Amount of products supplied

The previous example mentioned aggregation and used the SUM function to find out how much a company has spent when purchasing specific products. You can use the COUNT function in Cypher to also count how many products are offered by a supplier, for example.

SQL Cypher

In SQL, aggregation is explicit, so you have to provide all grouping keys again in the GROUP BY clause.

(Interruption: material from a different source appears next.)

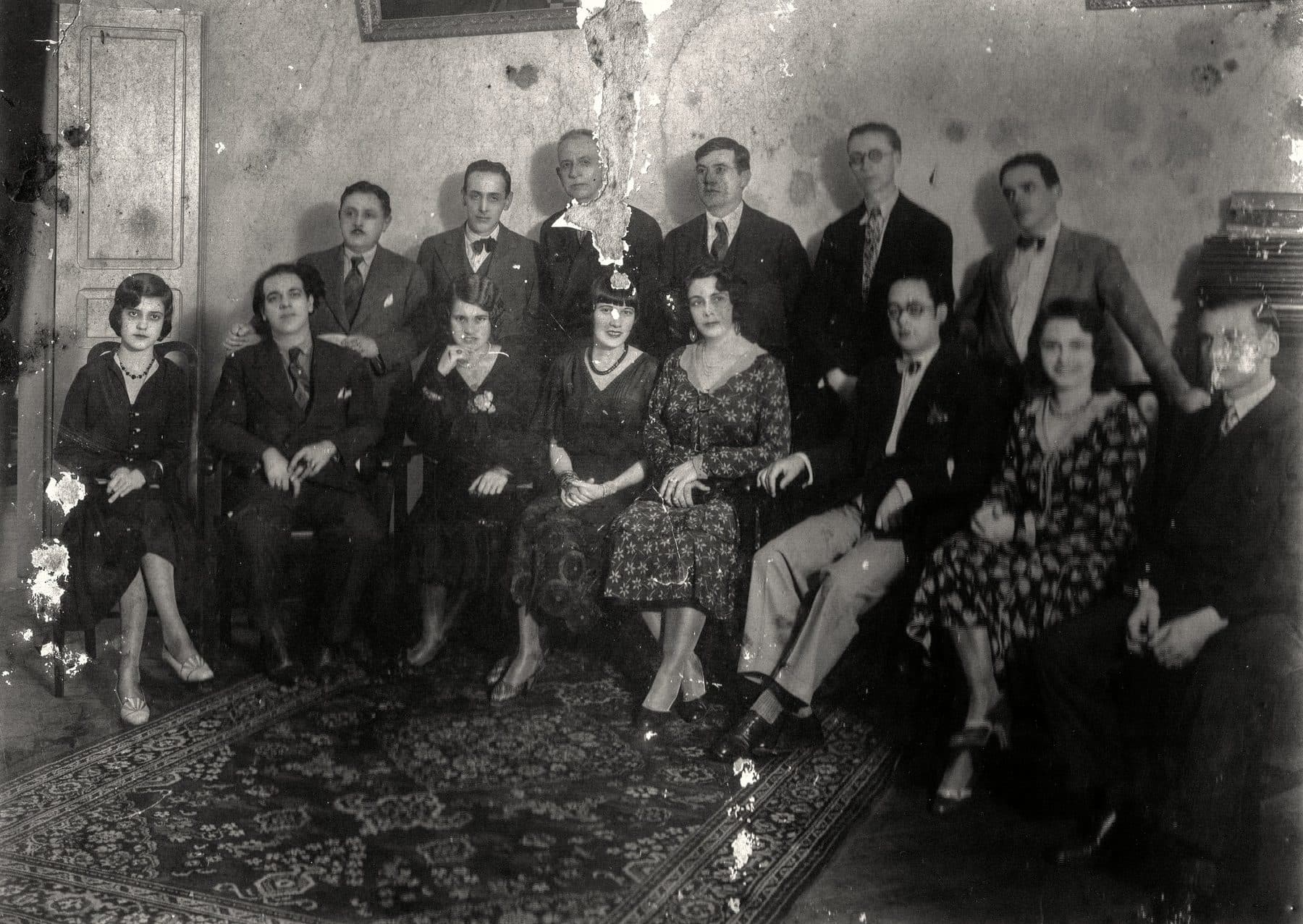 Reunião ligada à Sociedade de Cultura Artística, no 2º andar do Theatro — ambiente dos recitais que receberam nomes como o de Villa-Lobos.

SELECT s.CompanyName AS Supplier, COUNT(p.ProductID) AS NumberOfProducts
FROM Suppliers s
JOIN Products p ON s.SupplierID = p.SupplierID
GROUP BY s.CompanyName
ORDER BY NumberOfProducts DESC
LIMIT 5;

In Cypher, grouping for aggregation is implicit. As soon as you use the first aggregation function, all non-aggregated columns automatically become grouping keys:

MATCH (s:Supplier)<-[:SUPPLIED_BY]-(p:Product)
RETURN s.companyName AS Supplier, COUNT(p) AS NumberOfProducts
ORDER BY NumberOfProducts DESC
LIMIT 5

Additional aggregation functions like collect, percentileCont, stdDev are also available.

Result
Supplier NumberOfProducts

"Pavlova"

5

"Plutzer Lebensmittelgroßmärkte AG"

5

"Specialty Biscuits"

4

"New Orleans Cajun Delights"

4

"Grandma Kelly’s Homestead"

3

List of products supplied

In Cypher you can use the COLLECT function to gather all nodes connected to others, but SQL doesn’t have a direct equivalent to it.

SQL Cypher

In SQL, if you want a lit of what products the suppliers offer, you use STRING_AGG:

SELECT s.CompanyName AS Supplier, STRING_AGG(p.ProductName, ', ' ORDER BY p.ProductName) AS ProductsSupplied
FROM Suppliers s
JOIN Products p ON s.SupplierID = p.SupplierID
GROUP BY s.CompanyName
ORDER BY s.CompanyName
LIMIT 5;

In Cypher, you can either return the structure like in SQL or use the collect() aggregation function, which aggregates values into a collection (list, array). This way, only one row per parent, containing an inlined collection of child values, is returned:

MATCH (s:Supplier)-[:SUPPLIES]->(p:Product)
RETURN s.companyName AS Supplier, COLLECT(p.productName) AS ProductsSupplied
ORDER BY Supplier
LIMIT 5

This also works for nested values.

Result
Supplier ProductsSupplied

"Aux joyeux ecclésiastiques"

["Côte de Blaye", "Chartreuse verte"]

"Bigfoot Breweries"

["Sasquatch Ale", "Laughing Lumberjack Lager", "Steeleye Stout"]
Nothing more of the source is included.